British Prime Minister Tony Blair faced fresh calls to resign after three senior cabinet ministers floundered in political and personal crises in one of the government's darkest weeks. Newspapers gave a damning verdict on the governing Labour Party's woes, which climaxed in a sex scandal starring the deputy prime minister, a crime blunder by the interior minister and a snub by nurses for the health minister.
"A government in meltdown," said the right-wing Daily Mail in an editorial.
"Labour Clowns," echoed The Sun tabloid, while The Daily Telegraph went a step further saying: "Blair must pay the price for his misgovernment."
A week before local elections in England, Blair's Labour Party -- once the image of hope and change following years of sleaze under the Conservatives -- appears to have lost its sparkle as reflected in recent opinion polls.
The latest blow came on Wednesday when Deputy Prime Minister John Prescott, 67, admitted to tabloid revelations that he had cheated on his wife by having a two-year affair with a civil servant 24 years his junior.

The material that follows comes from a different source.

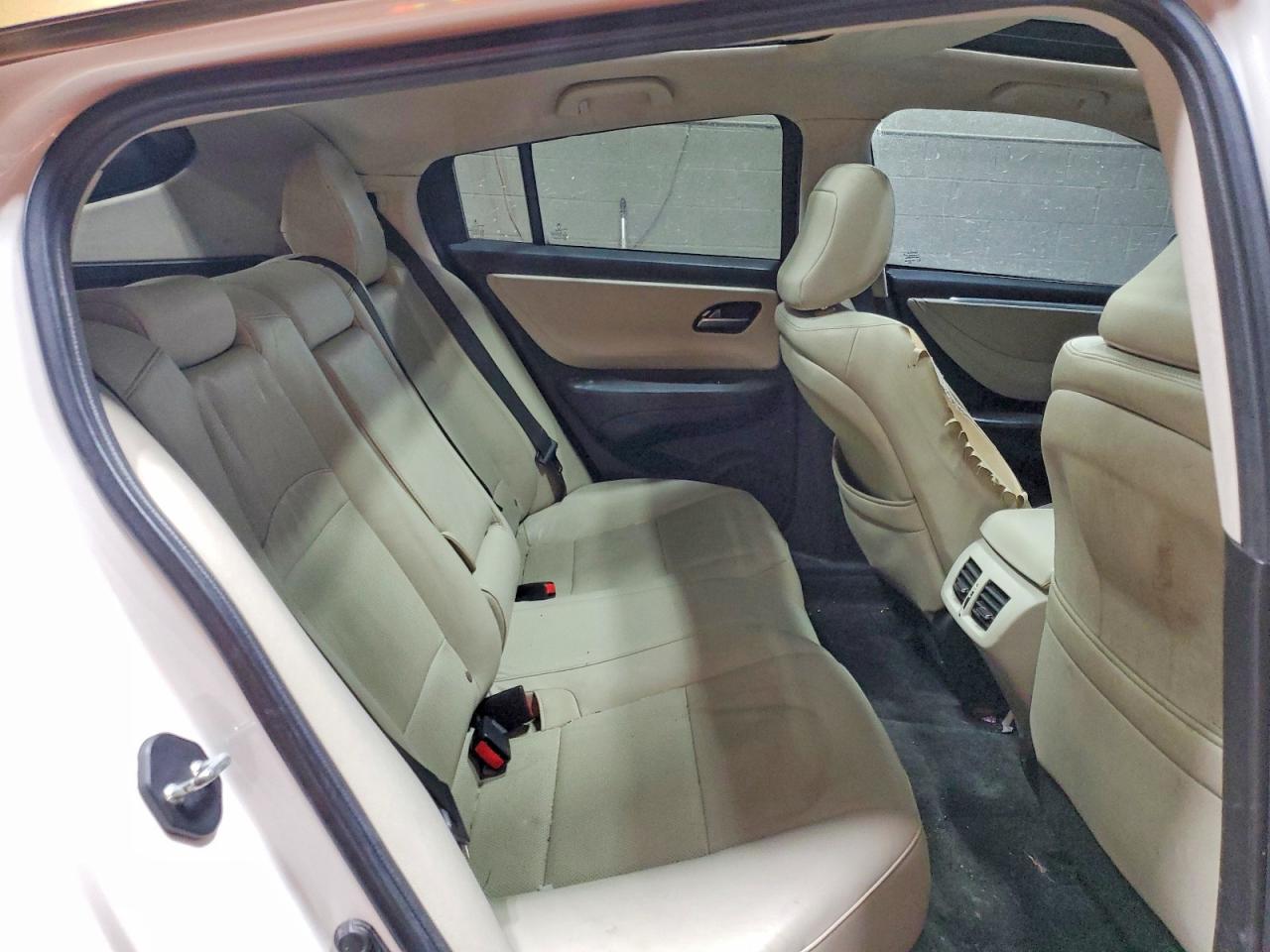 2013 Acura Zdx White vin: 2HNYB1H69DH500360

The shock admission, coupled with pages of revealing newspaper photographs, added to the problems plaguing Blair's administration after the Home Office revealed 24 hours earlier that it had failed to consider whether more than 1,000 foreign convicts should be deported at the end of their sentences.
Instead the criminals, who included murderers, rapists and child molesters, were set free in Britain.
Home Secretary Charles Clarke has apologised for the blunder and offered twice to resign, but Blair refused to accept his resignation, preferring instead for the minister to stay on and sort the mess out.
Health Secretary Patricia Hewitt also found herself in hot water. She was repeatedly booed and slow-handclapped during a televised address to the Royal College of Nursing because of anger over the government's health reforms.
The heckling eventually forced Hewitt, who has been repeatedly mocked this week for claiming the National Health Service has enjoyed its "best year ever", to cut short her speech.
Such public humiliation for three close Blair allies inspired columns of criticism in the British press.
"It is possible that Tony Blair has had worse days as prime minister. It is not immediately evident when they might have been," said The Times in an editorial.
"It has left the collective impression of a government that is out of touch in the first case, astonishingly incompetent in the second and morally unhinged in the third," the newspaper wrote.
The Daily Mail, a frequent critic of the government, devoted at least 14 pages to the furore.
"... presiding over this whole sleazy row is a lame duck prime minister who took Britain to war on the basis of repeated lies and who cannot carry legislation (through parliament) without the help of the Tories," it said.
"Out of ideas, drained of energy, lurching from one crisis to the next, New Labour has never looked more vulnerable."
Next week's local council elections, including all 32 boroughs in London, are being closely watched as a test of Blair's popularity a year after he led Labour to a third straight term in power.
If the party suffers big losses next Thursday, it could hasten the day that Blair decides on his pledge to stand down sometime during his third term to make way for his more popular finance minister Gordon Brown.
Picking up on a comment made by the prime minister this week about how to lead a healthier life, the Daily Telegraph noted that "he suggested that people improve their lives by getting off the bus one stop early. Mr Blair could do worse than take his own advice."